**WHAT IS REQUIRED**
Below are some records. Copy every line in them that holds "Land".

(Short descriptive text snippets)
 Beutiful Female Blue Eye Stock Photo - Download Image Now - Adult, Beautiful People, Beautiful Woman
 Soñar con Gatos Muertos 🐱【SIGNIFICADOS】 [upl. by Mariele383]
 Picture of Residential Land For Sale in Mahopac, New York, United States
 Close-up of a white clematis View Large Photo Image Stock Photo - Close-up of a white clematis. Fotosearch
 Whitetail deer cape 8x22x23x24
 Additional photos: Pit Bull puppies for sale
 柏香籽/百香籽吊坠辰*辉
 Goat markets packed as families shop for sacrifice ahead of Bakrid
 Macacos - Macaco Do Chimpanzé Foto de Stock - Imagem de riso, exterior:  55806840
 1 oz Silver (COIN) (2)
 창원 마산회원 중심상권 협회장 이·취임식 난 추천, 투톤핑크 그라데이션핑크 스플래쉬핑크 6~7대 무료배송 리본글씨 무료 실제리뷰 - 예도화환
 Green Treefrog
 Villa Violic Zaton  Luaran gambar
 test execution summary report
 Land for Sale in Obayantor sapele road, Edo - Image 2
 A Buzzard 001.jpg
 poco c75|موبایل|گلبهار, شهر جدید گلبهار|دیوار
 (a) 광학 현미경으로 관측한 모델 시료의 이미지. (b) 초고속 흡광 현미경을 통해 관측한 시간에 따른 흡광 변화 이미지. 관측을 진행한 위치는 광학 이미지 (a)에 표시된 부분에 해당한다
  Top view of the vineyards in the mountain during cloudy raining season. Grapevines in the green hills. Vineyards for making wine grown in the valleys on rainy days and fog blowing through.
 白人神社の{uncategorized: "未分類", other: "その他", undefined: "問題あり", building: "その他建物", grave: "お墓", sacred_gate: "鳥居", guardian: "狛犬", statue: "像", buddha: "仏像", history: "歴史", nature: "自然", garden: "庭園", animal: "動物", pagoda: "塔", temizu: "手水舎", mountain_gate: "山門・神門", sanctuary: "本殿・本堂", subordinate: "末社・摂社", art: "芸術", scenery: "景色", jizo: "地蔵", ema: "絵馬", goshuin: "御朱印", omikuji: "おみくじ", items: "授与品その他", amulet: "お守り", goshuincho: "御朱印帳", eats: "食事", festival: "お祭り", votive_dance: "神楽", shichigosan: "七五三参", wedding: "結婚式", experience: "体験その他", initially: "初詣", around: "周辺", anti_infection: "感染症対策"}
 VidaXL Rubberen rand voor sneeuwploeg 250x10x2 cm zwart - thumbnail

**ANSWER BOX**
 Picture of Residential Land For Sale in Mahopac, New York, United States
 Land for Sale in Obayantor sapele road, Edo - Image 2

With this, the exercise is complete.